**What the exercise asks:** Filter the records for "image" and keep each line that has it.

Records excerpted from a collection
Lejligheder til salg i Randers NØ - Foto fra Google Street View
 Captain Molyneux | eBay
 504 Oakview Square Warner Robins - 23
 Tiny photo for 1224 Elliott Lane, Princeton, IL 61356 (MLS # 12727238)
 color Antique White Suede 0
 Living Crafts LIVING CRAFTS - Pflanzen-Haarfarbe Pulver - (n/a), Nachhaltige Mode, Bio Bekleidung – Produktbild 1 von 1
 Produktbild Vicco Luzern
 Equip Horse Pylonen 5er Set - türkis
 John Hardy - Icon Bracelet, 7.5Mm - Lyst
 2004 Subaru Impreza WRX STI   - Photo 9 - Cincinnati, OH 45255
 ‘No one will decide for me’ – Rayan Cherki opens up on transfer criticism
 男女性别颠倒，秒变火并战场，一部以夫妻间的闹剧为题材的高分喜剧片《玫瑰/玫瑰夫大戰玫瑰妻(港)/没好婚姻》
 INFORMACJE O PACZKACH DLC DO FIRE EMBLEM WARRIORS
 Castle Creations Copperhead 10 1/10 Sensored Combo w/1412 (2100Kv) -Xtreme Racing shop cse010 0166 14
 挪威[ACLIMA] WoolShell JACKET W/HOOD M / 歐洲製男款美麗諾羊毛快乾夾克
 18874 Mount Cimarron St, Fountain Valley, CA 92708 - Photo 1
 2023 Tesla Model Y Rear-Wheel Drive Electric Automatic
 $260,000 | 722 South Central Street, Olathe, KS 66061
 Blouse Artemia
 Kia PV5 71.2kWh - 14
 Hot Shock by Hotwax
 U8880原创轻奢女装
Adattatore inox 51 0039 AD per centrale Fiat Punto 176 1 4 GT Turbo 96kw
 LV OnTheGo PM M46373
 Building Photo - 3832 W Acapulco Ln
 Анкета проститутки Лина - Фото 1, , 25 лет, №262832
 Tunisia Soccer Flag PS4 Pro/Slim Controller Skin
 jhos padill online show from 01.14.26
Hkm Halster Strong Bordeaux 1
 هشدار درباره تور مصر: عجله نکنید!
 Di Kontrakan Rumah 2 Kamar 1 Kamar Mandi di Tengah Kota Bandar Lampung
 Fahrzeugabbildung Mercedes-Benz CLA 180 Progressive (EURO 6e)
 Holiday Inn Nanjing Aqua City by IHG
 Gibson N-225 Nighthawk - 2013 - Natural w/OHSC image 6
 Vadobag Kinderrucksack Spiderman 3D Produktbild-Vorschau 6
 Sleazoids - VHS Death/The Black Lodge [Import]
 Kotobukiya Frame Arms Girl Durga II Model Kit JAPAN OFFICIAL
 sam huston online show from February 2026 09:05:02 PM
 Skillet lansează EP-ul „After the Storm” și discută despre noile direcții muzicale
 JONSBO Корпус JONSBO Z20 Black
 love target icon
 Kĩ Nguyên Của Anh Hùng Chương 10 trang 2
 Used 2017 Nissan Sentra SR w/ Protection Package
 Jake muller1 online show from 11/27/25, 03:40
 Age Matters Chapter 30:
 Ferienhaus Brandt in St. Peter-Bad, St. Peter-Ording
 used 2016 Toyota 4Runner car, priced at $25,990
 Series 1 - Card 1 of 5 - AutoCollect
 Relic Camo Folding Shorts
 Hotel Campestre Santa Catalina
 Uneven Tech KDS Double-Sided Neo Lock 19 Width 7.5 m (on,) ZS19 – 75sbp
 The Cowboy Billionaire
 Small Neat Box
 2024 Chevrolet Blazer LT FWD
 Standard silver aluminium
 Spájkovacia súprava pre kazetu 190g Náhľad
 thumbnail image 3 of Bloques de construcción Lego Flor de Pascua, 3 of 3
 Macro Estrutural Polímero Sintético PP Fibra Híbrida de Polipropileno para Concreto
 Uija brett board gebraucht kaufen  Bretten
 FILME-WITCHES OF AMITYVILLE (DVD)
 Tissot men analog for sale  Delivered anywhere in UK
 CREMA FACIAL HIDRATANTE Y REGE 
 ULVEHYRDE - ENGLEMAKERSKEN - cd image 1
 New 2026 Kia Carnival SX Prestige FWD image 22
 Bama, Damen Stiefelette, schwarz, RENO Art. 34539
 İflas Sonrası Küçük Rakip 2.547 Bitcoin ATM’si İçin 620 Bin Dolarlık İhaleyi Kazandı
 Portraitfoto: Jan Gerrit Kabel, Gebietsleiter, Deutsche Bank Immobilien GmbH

**Answer box:**
 Gibson N-225 Nighthawk - 2013 - Natural w/OHSC image 6
 thumbnail image 3 of Bloques de construcción Lego Flor de Pascua, 3 of 3
 ULVEHYRDE - ENGLEMAKERSKEN - cd image 1
 New 2026 Kia Carnival SX Prestige FWD image 22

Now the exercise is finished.